◆ Source information:
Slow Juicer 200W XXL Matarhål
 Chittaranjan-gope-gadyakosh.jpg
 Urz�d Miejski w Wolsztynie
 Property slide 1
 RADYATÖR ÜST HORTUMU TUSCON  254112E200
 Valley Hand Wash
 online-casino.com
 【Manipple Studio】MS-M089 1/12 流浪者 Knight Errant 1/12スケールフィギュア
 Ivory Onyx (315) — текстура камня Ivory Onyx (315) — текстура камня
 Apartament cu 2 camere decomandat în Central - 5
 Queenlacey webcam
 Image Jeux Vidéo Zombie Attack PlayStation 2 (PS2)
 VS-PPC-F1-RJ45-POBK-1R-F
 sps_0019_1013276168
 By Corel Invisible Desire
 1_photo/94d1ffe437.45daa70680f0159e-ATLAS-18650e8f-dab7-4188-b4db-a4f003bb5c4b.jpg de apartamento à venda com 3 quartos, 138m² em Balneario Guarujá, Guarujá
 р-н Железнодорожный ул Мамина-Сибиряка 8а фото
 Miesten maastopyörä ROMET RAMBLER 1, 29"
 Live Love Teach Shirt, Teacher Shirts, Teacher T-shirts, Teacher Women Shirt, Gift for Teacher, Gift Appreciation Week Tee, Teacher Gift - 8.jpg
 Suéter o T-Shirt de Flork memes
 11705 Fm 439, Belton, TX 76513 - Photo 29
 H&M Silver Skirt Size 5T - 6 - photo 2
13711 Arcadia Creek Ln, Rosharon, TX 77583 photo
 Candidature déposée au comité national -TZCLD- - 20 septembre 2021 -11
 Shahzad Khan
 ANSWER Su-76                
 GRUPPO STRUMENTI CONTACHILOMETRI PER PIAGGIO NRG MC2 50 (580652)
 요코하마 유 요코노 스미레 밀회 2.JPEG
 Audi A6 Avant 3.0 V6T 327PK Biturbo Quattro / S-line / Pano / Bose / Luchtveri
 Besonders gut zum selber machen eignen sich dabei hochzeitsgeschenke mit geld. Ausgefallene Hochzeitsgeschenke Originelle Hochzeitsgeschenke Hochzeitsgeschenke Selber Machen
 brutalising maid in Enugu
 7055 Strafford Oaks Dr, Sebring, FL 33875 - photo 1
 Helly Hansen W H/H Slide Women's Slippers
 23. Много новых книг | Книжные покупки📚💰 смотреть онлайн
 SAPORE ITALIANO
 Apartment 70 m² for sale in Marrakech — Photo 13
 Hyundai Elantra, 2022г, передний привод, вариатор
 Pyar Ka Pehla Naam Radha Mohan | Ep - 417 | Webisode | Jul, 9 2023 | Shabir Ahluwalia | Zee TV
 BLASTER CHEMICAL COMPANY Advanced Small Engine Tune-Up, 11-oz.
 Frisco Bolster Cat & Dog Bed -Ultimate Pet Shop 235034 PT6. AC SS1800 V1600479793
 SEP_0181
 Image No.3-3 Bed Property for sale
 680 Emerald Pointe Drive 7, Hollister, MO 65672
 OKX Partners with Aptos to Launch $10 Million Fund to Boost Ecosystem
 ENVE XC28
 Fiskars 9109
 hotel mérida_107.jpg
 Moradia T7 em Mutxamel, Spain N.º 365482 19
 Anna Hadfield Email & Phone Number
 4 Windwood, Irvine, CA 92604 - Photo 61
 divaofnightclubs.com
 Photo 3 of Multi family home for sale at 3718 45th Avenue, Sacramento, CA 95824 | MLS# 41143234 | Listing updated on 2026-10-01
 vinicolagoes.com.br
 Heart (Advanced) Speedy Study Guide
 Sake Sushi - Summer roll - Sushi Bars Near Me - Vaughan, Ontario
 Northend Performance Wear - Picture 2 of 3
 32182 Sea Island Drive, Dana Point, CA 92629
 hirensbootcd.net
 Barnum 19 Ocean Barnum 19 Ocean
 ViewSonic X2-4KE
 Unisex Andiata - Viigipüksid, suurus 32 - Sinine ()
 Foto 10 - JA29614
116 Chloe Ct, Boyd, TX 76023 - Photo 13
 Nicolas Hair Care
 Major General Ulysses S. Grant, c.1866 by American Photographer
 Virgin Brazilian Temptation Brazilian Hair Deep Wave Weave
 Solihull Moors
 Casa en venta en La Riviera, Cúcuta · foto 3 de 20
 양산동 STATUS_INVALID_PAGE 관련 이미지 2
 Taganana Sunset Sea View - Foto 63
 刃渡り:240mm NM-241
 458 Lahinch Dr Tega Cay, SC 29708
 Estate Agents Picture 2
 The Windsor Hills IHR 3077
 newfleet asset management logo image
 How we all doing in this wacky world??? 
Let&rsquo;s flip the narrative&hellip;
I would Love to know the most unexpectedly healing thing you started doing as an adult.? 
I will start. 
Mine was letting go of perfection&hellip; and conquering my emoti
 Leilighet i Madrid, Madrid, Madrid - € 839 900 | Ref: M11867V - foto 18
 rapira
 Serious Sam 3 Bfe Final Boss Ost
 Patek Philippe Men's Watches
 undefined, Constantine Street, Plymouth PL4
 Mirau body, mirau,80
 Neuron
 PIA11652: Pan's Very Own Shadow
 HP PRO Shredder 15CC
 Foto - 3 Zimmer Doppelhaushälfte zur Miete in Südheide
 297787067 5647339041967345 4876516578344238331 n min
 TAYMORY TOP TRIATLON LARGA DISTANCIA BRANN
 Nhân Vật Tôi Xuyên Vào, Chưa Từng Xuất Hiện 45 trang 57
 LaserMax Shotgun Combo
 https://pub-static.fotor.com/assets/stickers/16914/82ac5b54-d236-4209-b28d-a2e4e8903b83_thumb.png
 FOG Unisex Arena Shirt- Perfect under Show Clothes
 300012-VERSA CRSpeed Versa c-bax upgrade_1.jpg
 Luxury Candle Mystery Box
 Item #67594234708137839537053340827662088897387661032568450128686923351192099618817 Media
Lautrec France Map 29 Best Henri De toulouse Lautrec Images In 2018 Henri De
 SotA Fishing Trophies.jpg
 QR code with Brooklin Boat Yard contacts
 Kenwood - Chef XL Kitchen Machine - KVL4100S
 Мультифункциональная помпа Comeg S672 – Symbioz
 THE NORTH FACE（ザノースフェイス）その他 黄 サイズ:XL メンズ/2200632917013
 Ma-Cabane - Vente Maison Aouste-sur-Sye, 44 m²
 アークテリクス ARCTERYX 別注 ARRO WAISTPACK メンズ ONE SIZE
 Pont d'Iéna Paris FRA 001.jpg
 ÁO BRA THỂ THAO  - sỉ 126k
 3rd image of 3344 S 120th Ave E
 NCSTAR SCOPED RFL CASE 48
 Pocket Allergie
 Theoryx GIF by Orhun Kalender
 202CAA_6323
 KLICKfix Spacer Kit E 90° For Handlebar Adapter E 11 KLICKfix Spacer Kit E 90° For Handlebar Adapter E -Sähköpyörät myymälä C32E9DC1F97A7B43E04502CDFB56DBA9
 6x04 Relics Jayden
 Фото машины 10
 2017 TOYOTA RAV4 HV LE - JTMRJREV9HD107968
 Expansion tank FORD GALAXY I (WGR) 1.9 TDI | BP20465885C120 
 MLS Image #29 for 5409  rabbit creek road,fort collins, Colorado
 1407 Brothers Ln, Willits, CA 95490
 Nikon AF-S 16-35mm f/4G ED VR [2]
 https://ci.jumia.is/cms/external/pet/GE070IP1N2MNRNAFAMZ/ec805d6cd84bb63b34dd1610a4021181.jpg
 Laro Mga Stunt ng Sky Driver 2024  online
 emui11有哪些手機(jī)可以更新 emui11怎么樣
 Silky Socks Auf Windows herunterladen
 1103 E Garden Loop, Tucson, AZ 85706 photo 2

◆ What is required: What lines of the material above contain "online"? Return each of them.

◆ Solution to this exercise:
 online-casino.com
 Laro Mga Stunt ng Sky Driver 2024  online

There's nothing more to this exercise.